Construction of the facility began in 2007, on private Palestinian land from the nearby village of Ein Yabrud, in contravention of the government’s approved master plan for the area.
"The fact that today the state is trying to legitimize the land theft ... by seizing land retroactively, for the sake of a settlement that was not long ago classified as ’the largest illegal outpost in the West Bank,’ is nothing short of an outrage," said Shlomo Zacharia, one of the lawyers representing Yesh Din. "No less grave is the fact that this conduct, which contravenes the explicit policy of the government and the prime minister, aims to cover up the failures and unwillingness of the army and the state in defending Palestinian property."

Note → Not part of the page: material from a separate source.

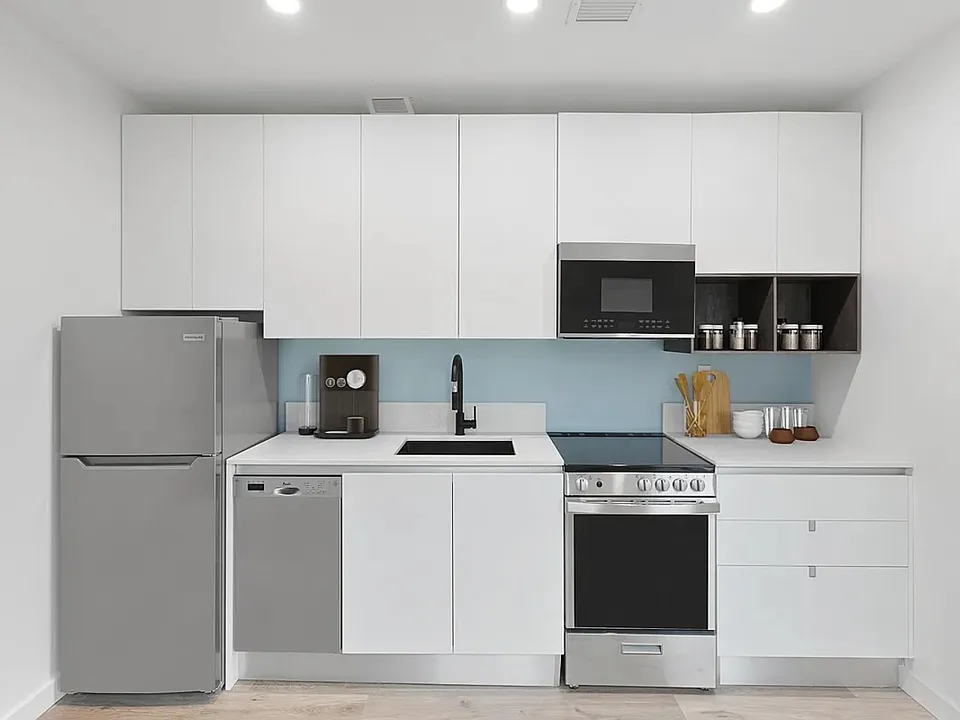 1638 Park Ave #6B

The state said the treatment facility was built illegally, without construction permits, and that demolition orders have been issued for its destruction. However, based on the state’s response to the petition, it does not appear to be planning to enforce the law or return the land to its rightful owners. The state did say that it is examining various alternatives to dealing with the issue.
Flying in the face of commitments
The state’s position on the treatment facility appears to fly in the face of commitments Israel has made.
"Land will not be appropriated for the expansion of existing settlements," Netanyahu said in a June speech at Bar-Ilan University.
President Shimon Peres made a similar statement at a press conference in Cairo several weeks ago, after meeting with Egyptian President Hosni Mubarak.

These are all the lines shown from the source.